Le sujet me trottait déjà dans la tête, sans que j’aie pris la peine de m’y arrêter et de préciser pourquoi. Puis, Jean Lapierrelors de sa chronique du 1er décembre  à l’émission Puisqu’il faut se lever  au 98,5 FM, a parfaitement mis le doigt sur la question: à force d’embrasser trop de causes, les artistes finissent-ils par mal en étreindre certaines ? À commencer par leur propre cause, en l’occurrence en l’occurence en ce qui a trait aux droits d’auteur… 

Pour résumer brièvement : un projet de loi (C-32) visant à « moderniser » La Loi sur le  droit d’auteur (qui, on s’entend, en a bien besoin), a été déposé devant la Chambre des communes.  Le projet comporte notamment des exceptions qui permettraient l’utilisation gratuite d’œuvres littéraires, artistiques et musicales, sans l’accord de leurs créateurs. Ce avec quoi les artistes ne sont pas d’accord; et ils évaluent que ces exceptions les priveraient de revenus évalués à 75 millions $. Ceux-ci demandent notamment le maintien des protections existantes et l’annulation des exceptions envisagées, de même que l’introduction de mesures modernes de partage des revenus, qui incluraient la perception de redevances au moment de la vente de lecteurs de musique numérique (iPod et autres MP3).  L’opposition libérale, elle, vient de proposer un compromis, sous forme de création d’un fonds annuel de 35 millions$,  versés aux artistes en compensation de la copie privée.

Plus d’une centaine d’artistes se sont rendus le 30 novembre dernier, en autobus, manifester devant la colline parlementaire à Ottawa. 

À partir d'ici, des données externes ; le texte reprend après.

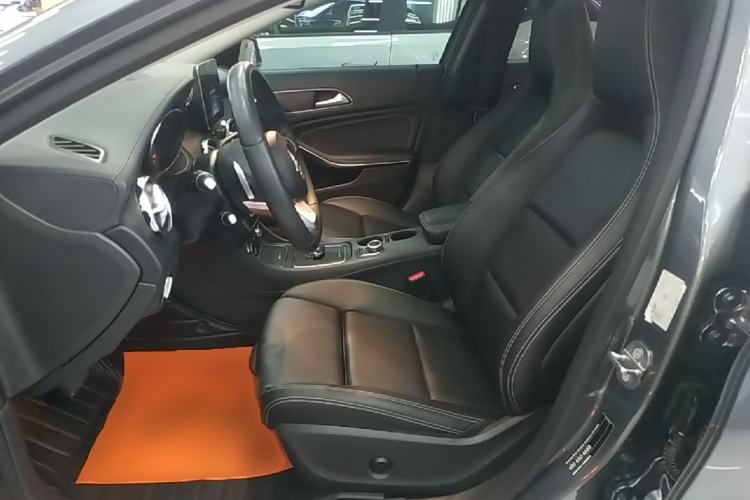 Used Mercedes-Benz GLA 2019 GLA 200 Fashion Model Left Front Seat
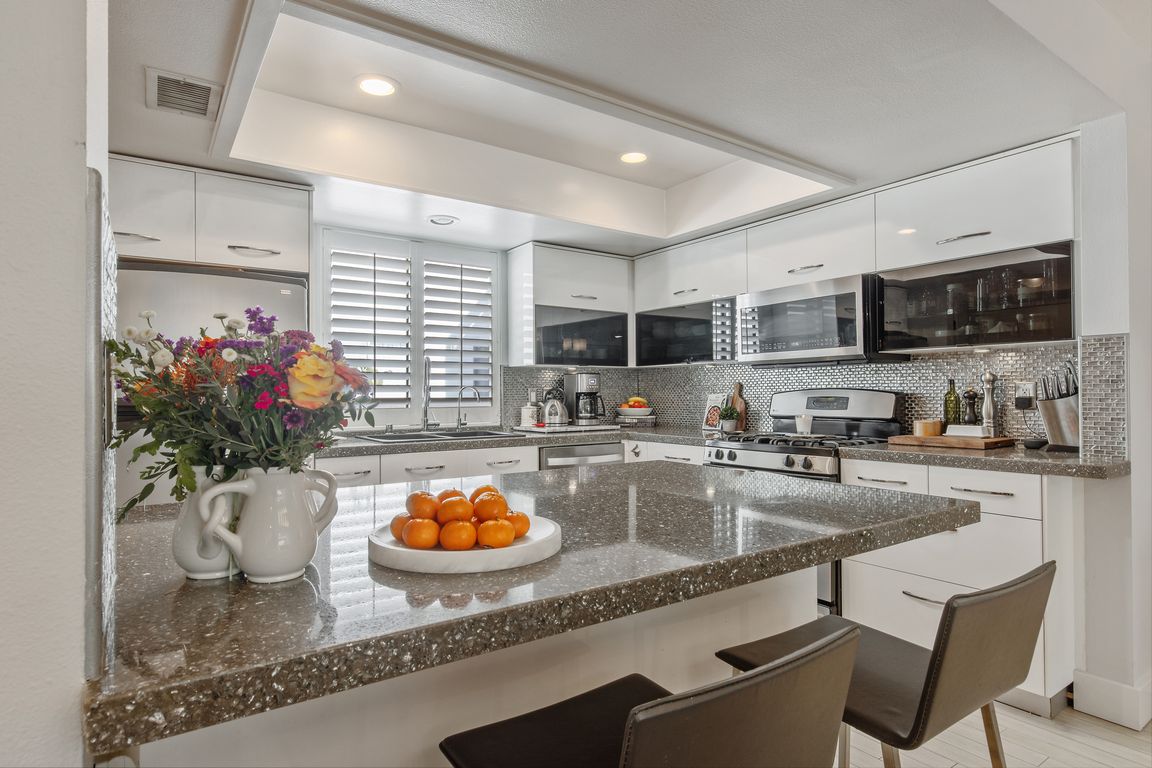 4455 Fulton Ave-19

Luc Plamondon, auteur-compositeur de réputation internationale et grand défenseur, historiquement, des droits d’auteurs ici, était l’un de ceux qui menaient la charge. Et il a relaté l’événement, le week-end dernier, avec  une lettre au lecteurs dans La Presse… rédigée de façon très personnelle, sous forme de texte de chanson. Un extrait : Nous étions cent, plutôt cent vingt / Toutes générations sur le même pied / Tous styles et tous genres emmêlés  / Trois autobus c’était pas trop / On aurait pu remplir un train  / Ah! mes amis qu’on était bien! Mais prenez le temps d’aller lire l’entier du texte

Les artistes québécois devant la colline parlementaire, le 30 novembre dernier: un coup d'épée dans l'eau ? (Photo: Le Devoir)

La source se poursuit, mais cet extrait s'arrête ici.